4. Own the Control Flow (Factor 8)

DAG vs. naïve loop: A simple “LLM decides next step, feed back, repeat” works only for tiny workflows.
Explicit DAG orchestration: Model each step as a node with defined inputs/outputs. Use a lightweight orchestrator (or a custom state machine) to enforce ordering, retries, and branching.
Pause/Resume: Serialize the current context window and any pending external calls to a DB. When a long‑running tool finishes, load the saved state, append the result, and continue.

graph LR
  A[Receive Event] --> B[Prompt LLM for next step]
  B --> C{Tool Call?}
  C -->|Yes| D[Execute deterministic tool]
  D --> E[Append result to context]
  E --> B
  C -->|No| F[Return final answer]

5. Small, Focused Agents & Hybrid Pipelines (Factor 10)

Pattern: Deterministic CI/CD pipeline → LLM decides a small, ambiguous step → human approval (if needed) → back to deterministic code.
Benefits: Keeps context windows tiny, isolates uncertainty to a bounded sub‑task, and makes debugging straightforward.

6. Error Propagation & Context Hygiene (Factor 9)

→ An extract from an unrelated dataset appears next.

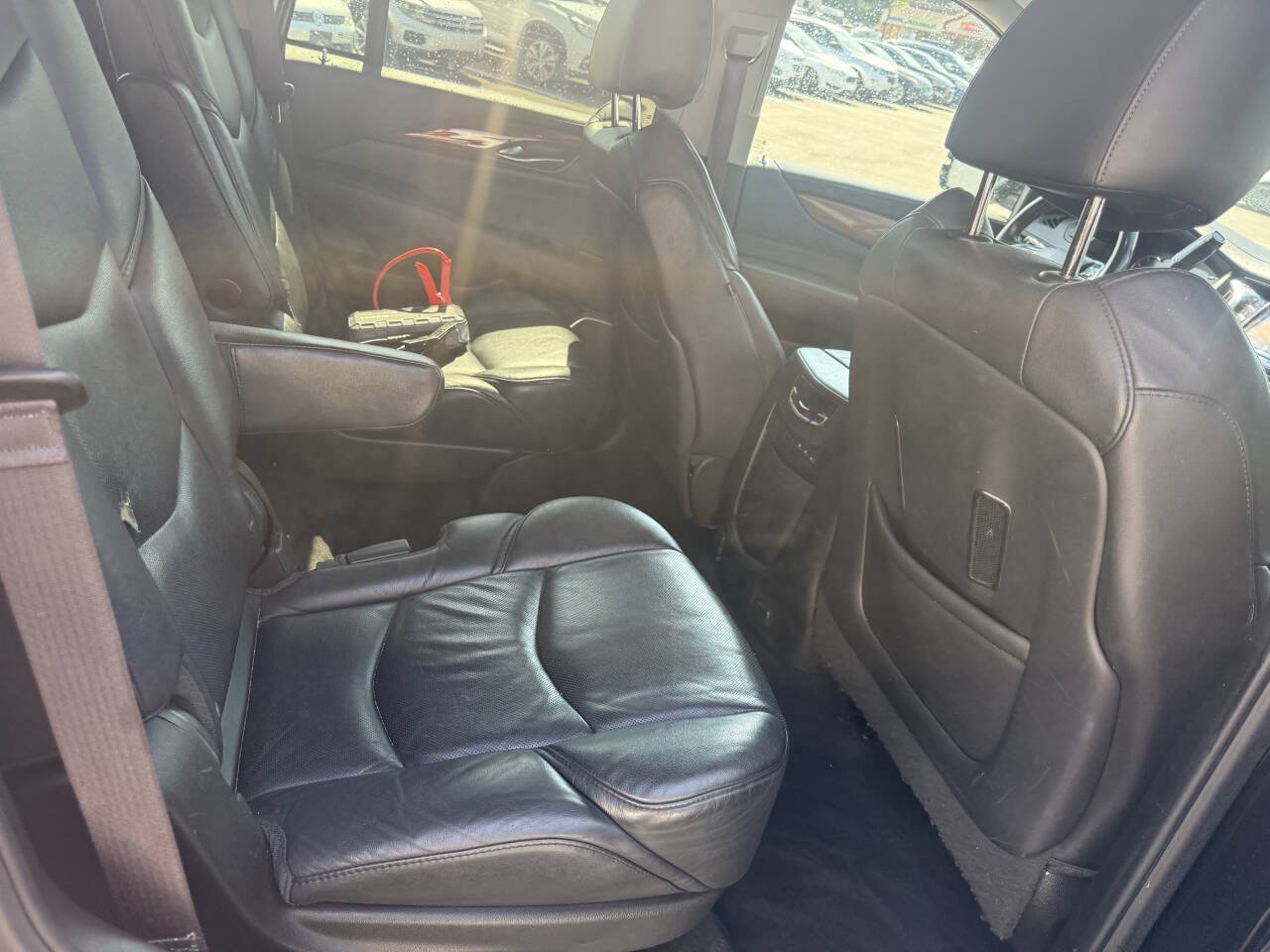 Used 2017 Cadillac Escalade Luxury AWD/4WD image 23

Surface errors: When a tool fails, inject a concise error summary into the next prompt so the model can retry or ask for clarification.
Avoid noise: Do not dump full stack traces into the context; they consume tokens and confuse the model.

error_summary = {"error":"Timeout while calling external API","retry":True}
prompt_context.append(error_summary)  # concise, useful info only

7. Human‑in‑the‑Loop as a First‑Class Decision (Factor 7)

Early branching: The model should decide immediately whether to:
1. Return a final answer,
2. Ask the user for clarification,
3. Escalate to a human operator.
Natural‑language token: Encode this decision in the first token(s) of the output, e.g., "human" vs. "tool" vs. "done".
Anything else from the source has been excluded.